The exhibition catalogue we produced for Universal Experience received exceedingly strong
reviews and is now in its second printing. Also, the nature of the project allowed us to
further our goal to work across departmental lines, with an impressive array of educational
and performative programs developed in concert with the wide-ranging themes of the exhibition.
Universal Experience is traveling to the Hayward Gallery in London and to the MART in Italy.

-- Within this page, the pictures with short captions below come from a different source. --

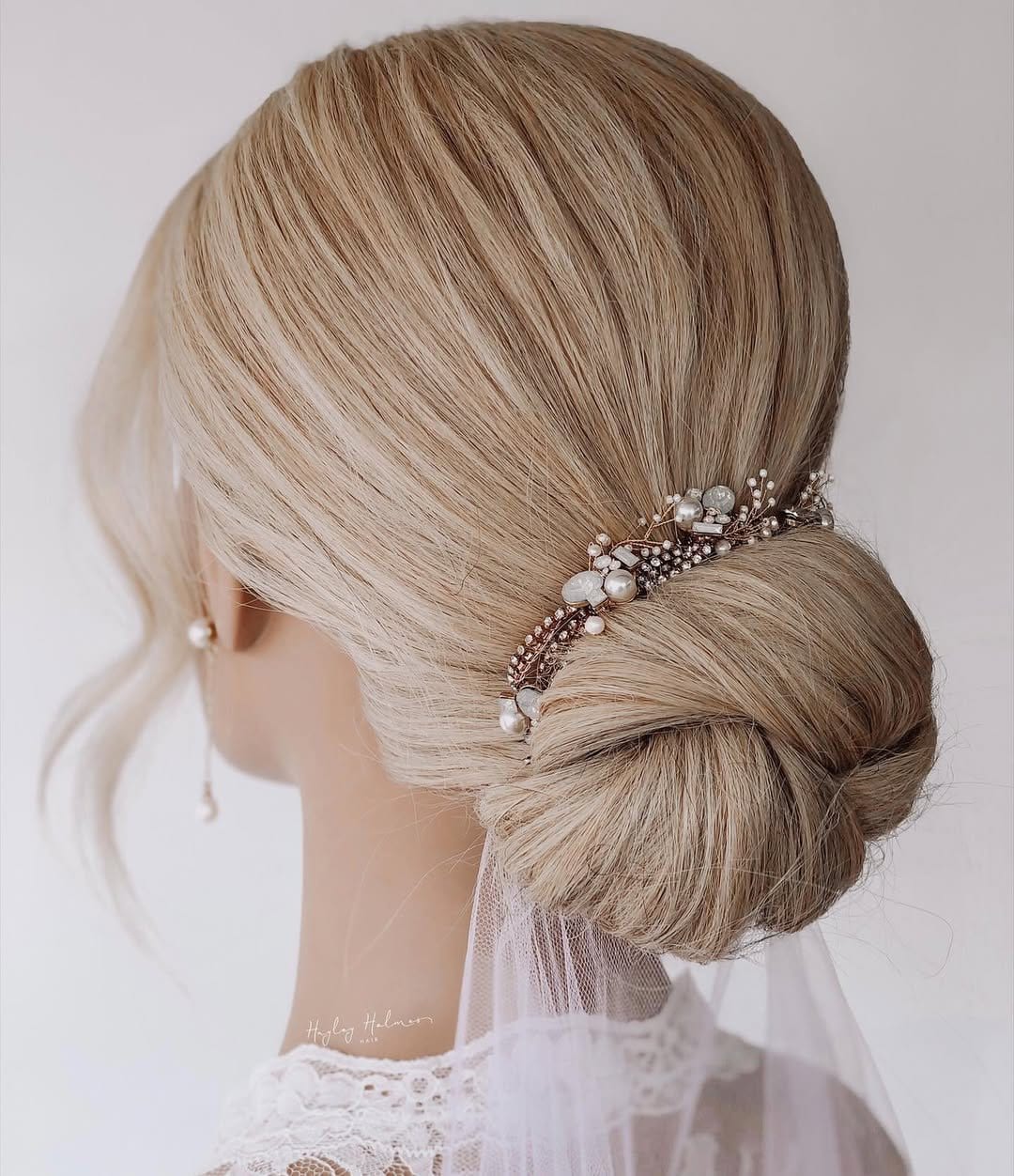 Unique triple bun DIY hairstyle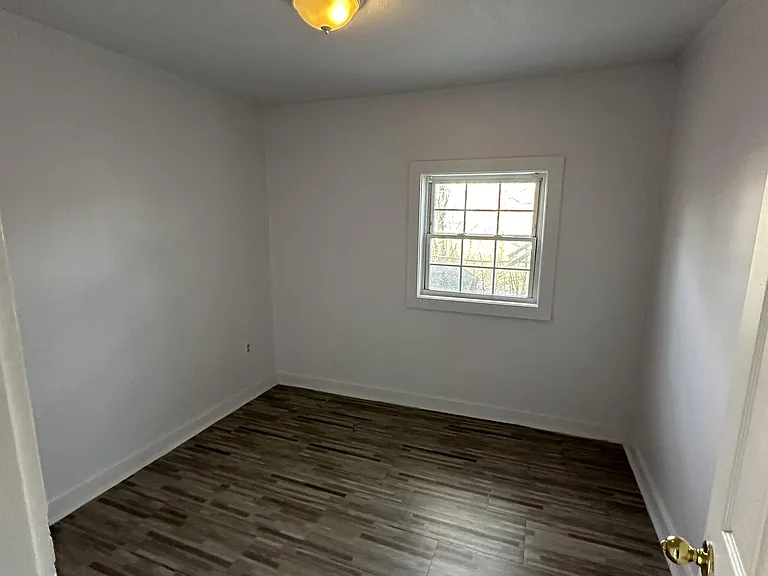 210 Derby Ave #C — Photo 3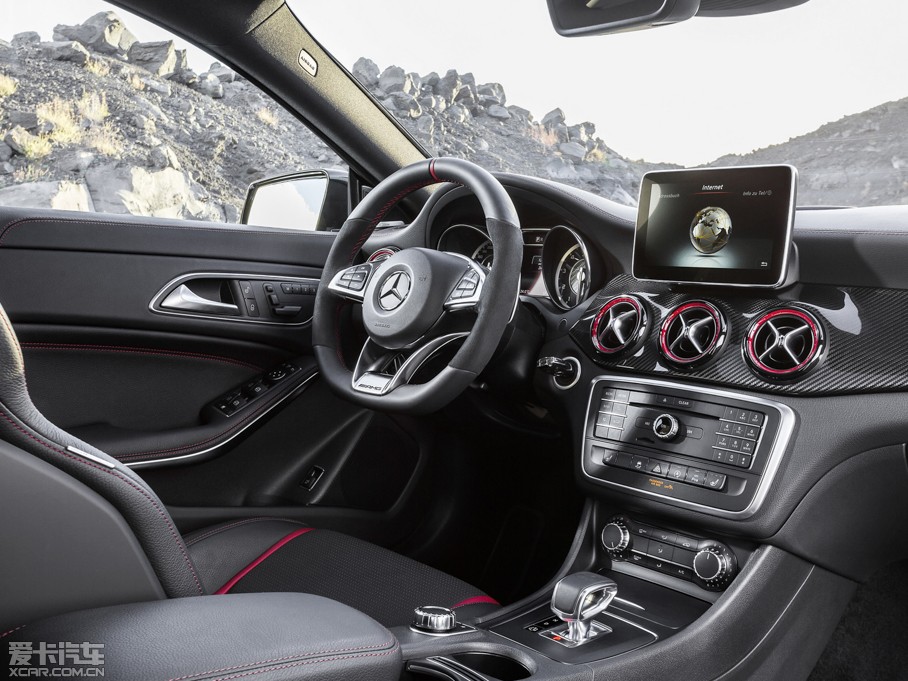 2015��AMG CLA�C��܇ ������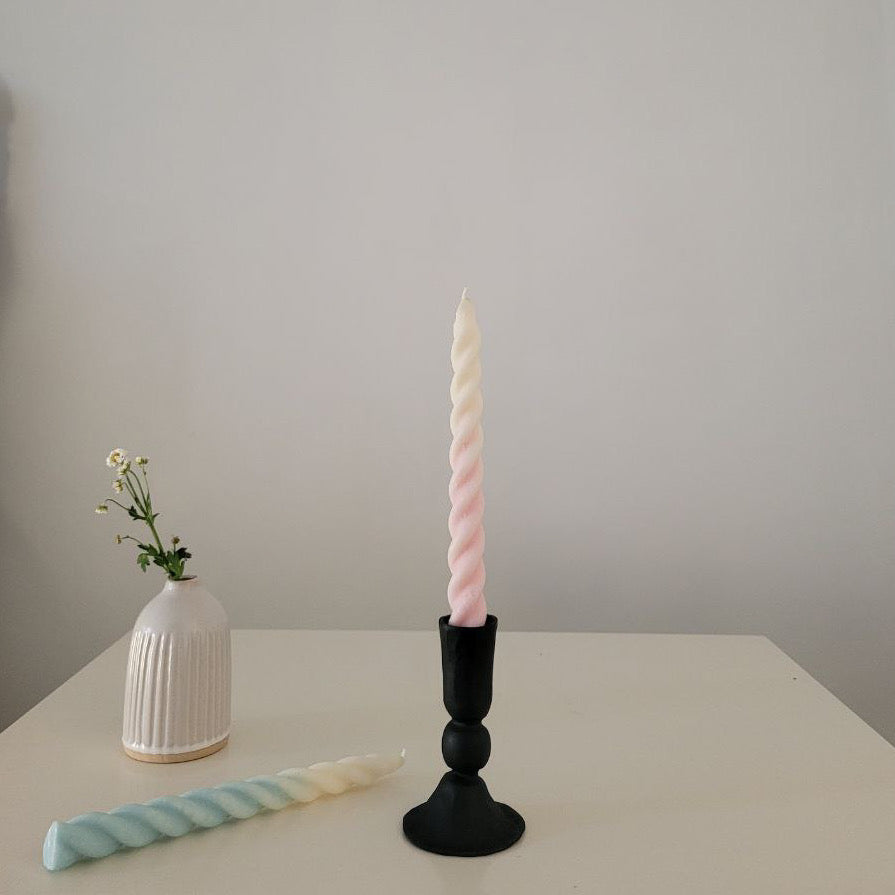 Soie Soy Wax Twirl Taper Candle in Ombre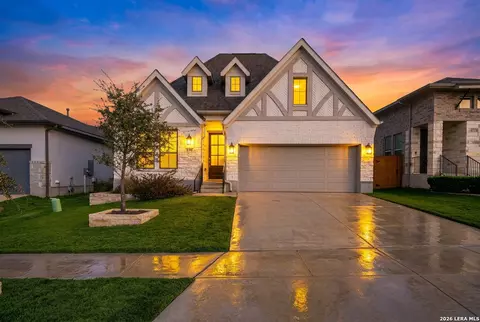 636 Vireos St, New Braunfels, TX 78132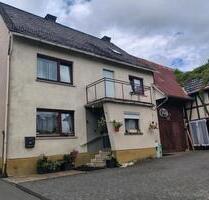 Einfamilienhaus mit Scheune zu verkaufen - Bad Endbach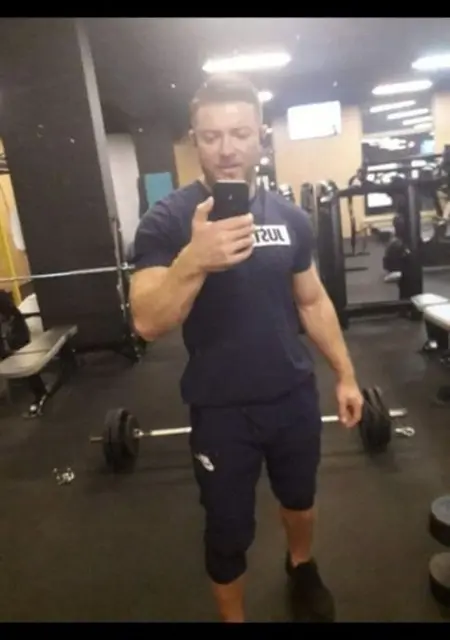 Piotr из Варшавы, мне 33, познакомлюсь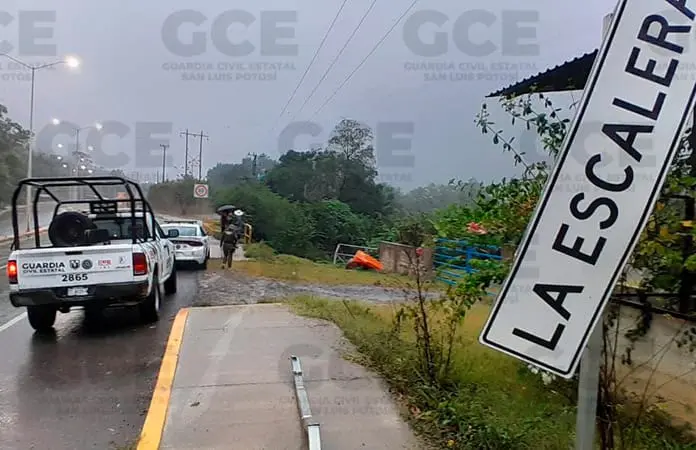 Tras persecución vuelca patrulla de la GC, 5 heridos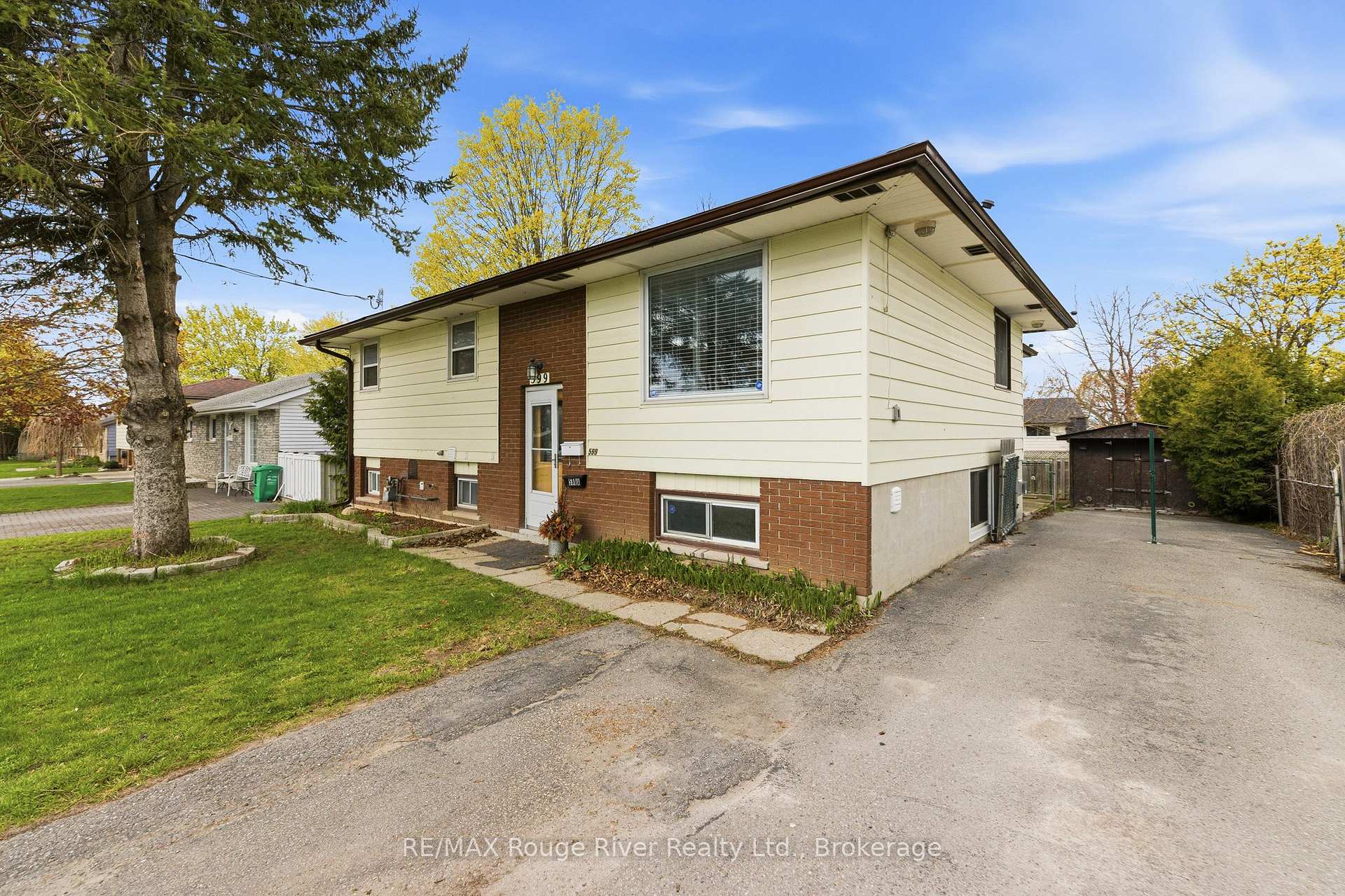 599 Otonabee Drive UNIT 2, Peterborough — photo 4 of 5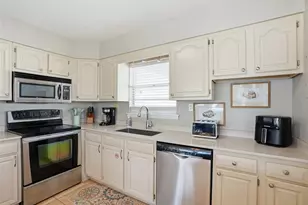 323 Kelly St, Panama City Beach, FL 32413 - Photo 15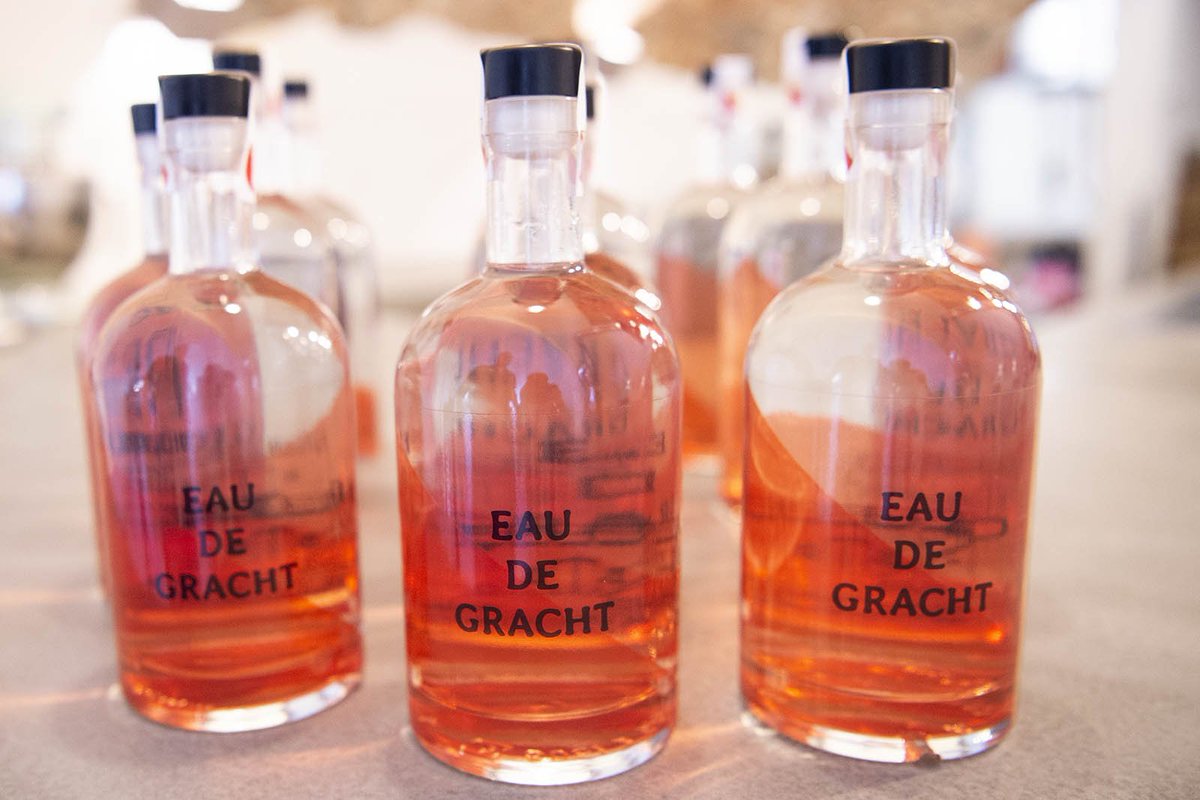 Het eerste souvenir dat in het teken staat van de prachtige Utrechtse grachten.
Eau de Gracht is fris Utrechts bronwater, gefilterd en gebotteld in één van de werfkelders langs de #Oudegracht. Te koop bij VVV #Utrecht ow.ly/et3o30kBwBH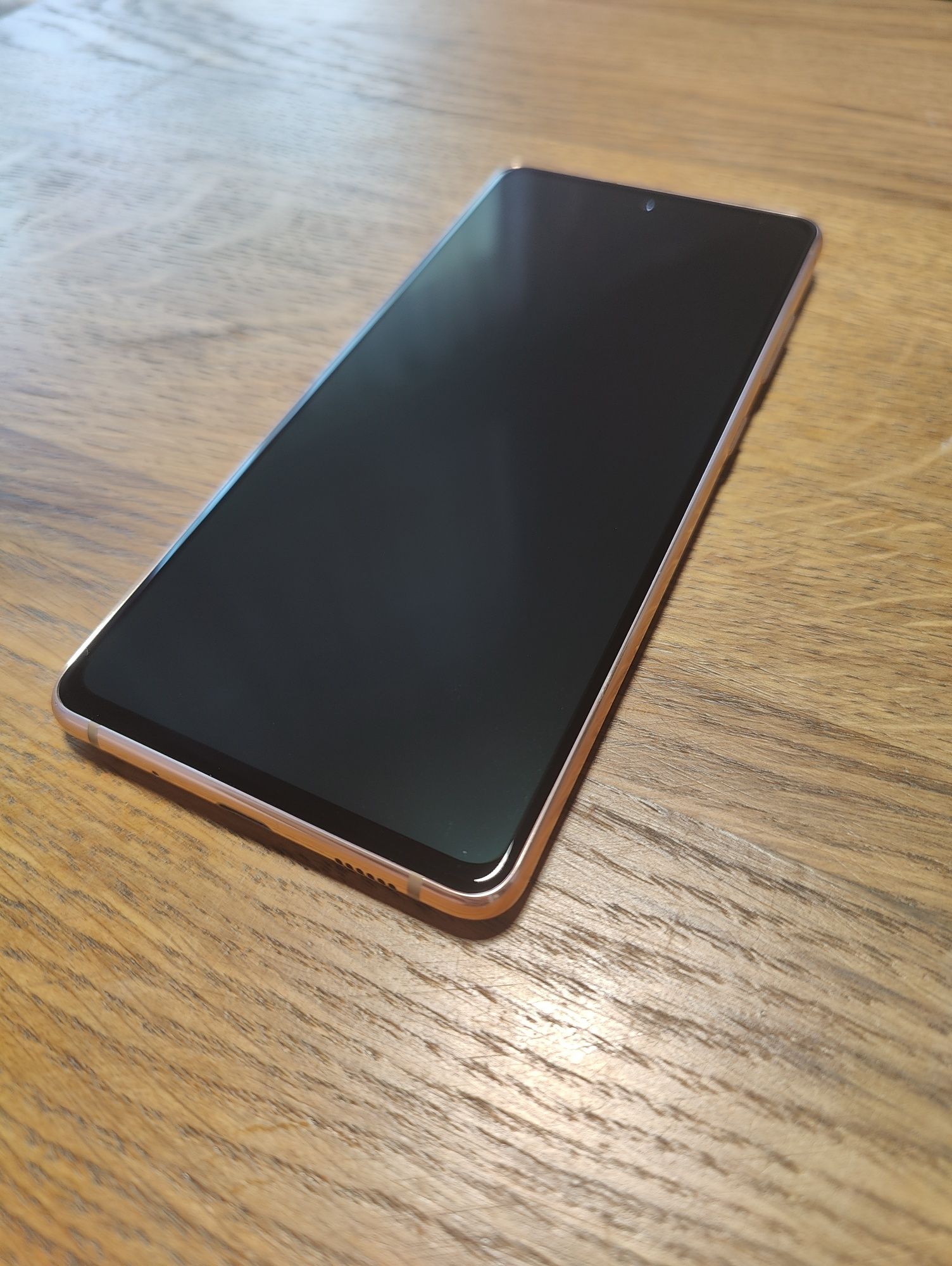 Samsung Galaxy S20FE 5G SM-G781U1/DS 6/128Gb Orange проц Snapdragon865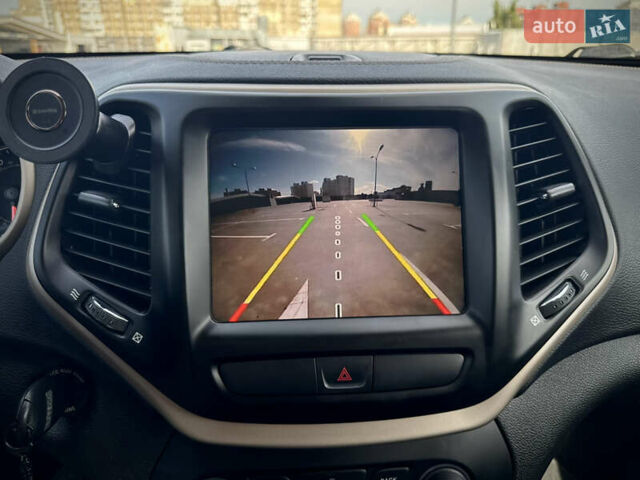 Черный Джип Чероки, объемом двигателя 2.36 л и пробегом 110 тыс. км за 15000 $, фото 22 на Automoto.ua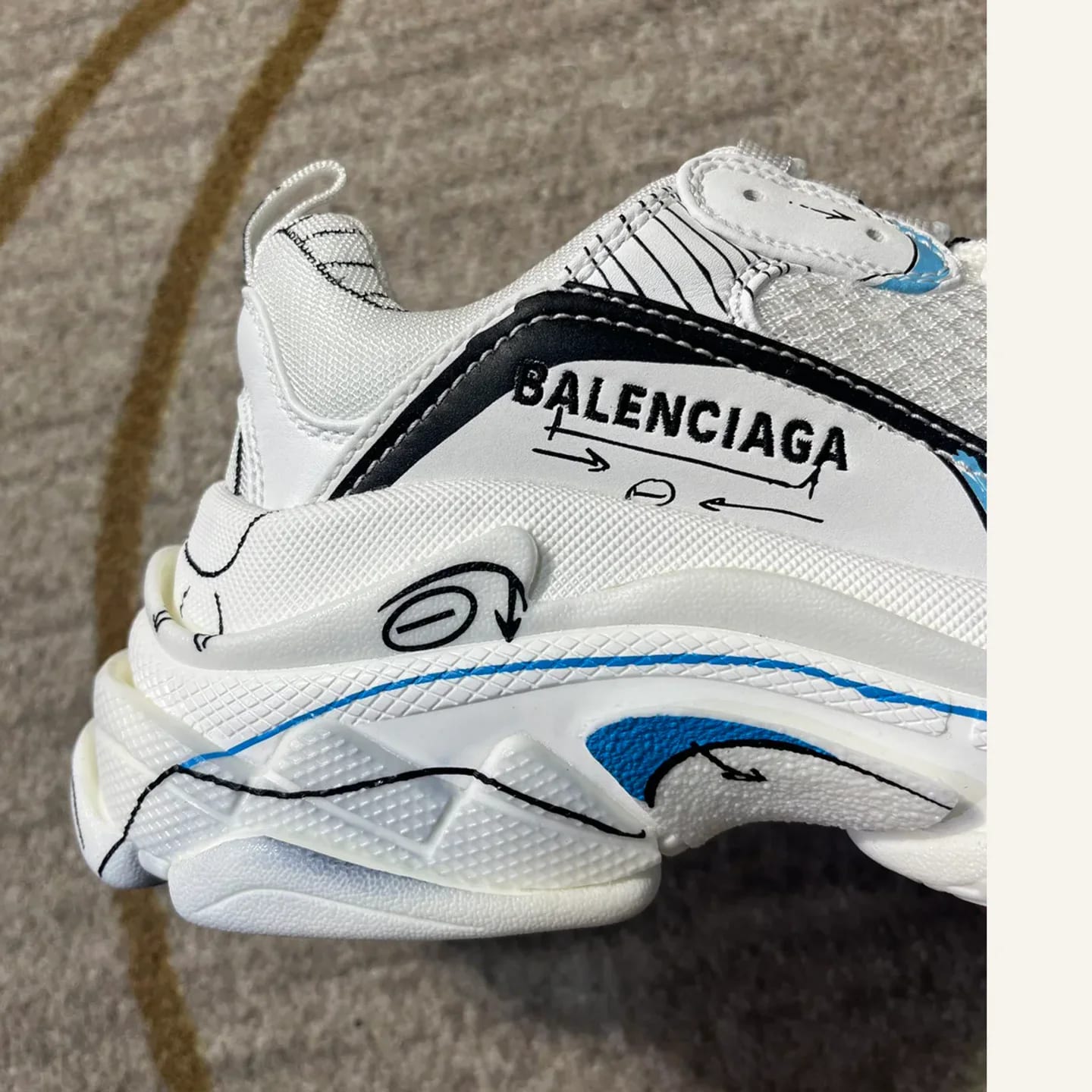 Balenciaga Graffiti Triple S Sneaker 縮圖 4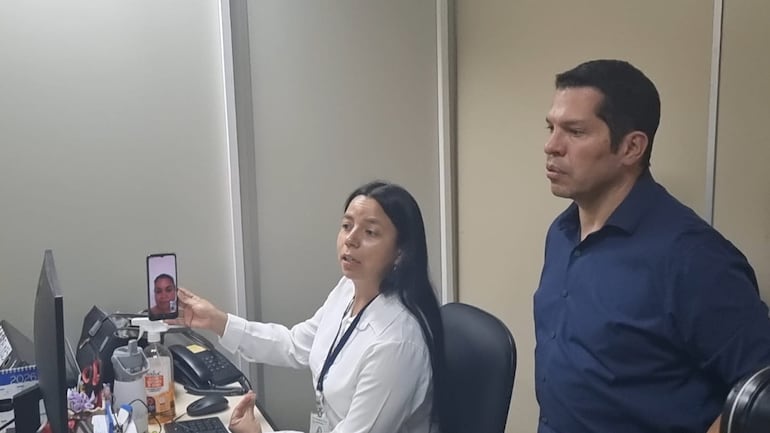 Momento en que se desarrollaba la audiencia de imposición de medidas a la abogada Zully Ortiz, por medios telemáticos, ante el juez José Delmás.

Innovative exhibitions based on the MCA Collection offered compelling, thematic frames
for contemplating various works. The Center Is Anywhere: Chicago-Based Artists from the
MCA Collection highlighted works from the mid-1980s, a particularly exciting time in Chicago
art-making. Soft Edge brought together works that are subtle in their visual qualities and
often organic in forms and materials, predominately made by women artists working from the
1970s to the present. Stalemate provocatively addressed the unsettling ambivalent nature of
contemporary art, featuring Bruce Nauman's important 1985 work Chambres d'Amis (Krefeld Piece) as its centerpiece.
During the past year a number of stellar works entered the MCA Collection, including major
works by Lee Bontecou; Michael Elmgreen and Ingar Dragset; Dan Peterman; Fred Sandback; Fiona Tan;
and many others based locally, nationally, and internationally. Whether collected from the MCA's
exhibitions or identified as a way to fill gaps in our holdings, the new acquisitions represent
substantial additions to the collection's trajectory and growth.
As the collection grows in scope, depth, and quality, it becomes increasingly important to our
overall exhibition program, enabling us to group our holdings in illuminating, thematic ways
and to suggest intriguing connections between exhibitions of work on loan and additional
works of contemporary art culled from our holdings. This rich combination of works brought in
for exhibitions and the creative, relevant presentation of our own collection relates to our
mission to substantively interweave works on view with the overall set of museum offerings,
including performances and educational programs.
Balance and variety will continue to be the hallmarks of MCA programming. We are committed to
presenting a program of exhibitions and building a collection characterized by vitality,
substance, and innovation. Interweaving our exhibitions program with our collection is helping
us to meet our essential goal: to engender direct, rich experiences with contemporary art and ideas.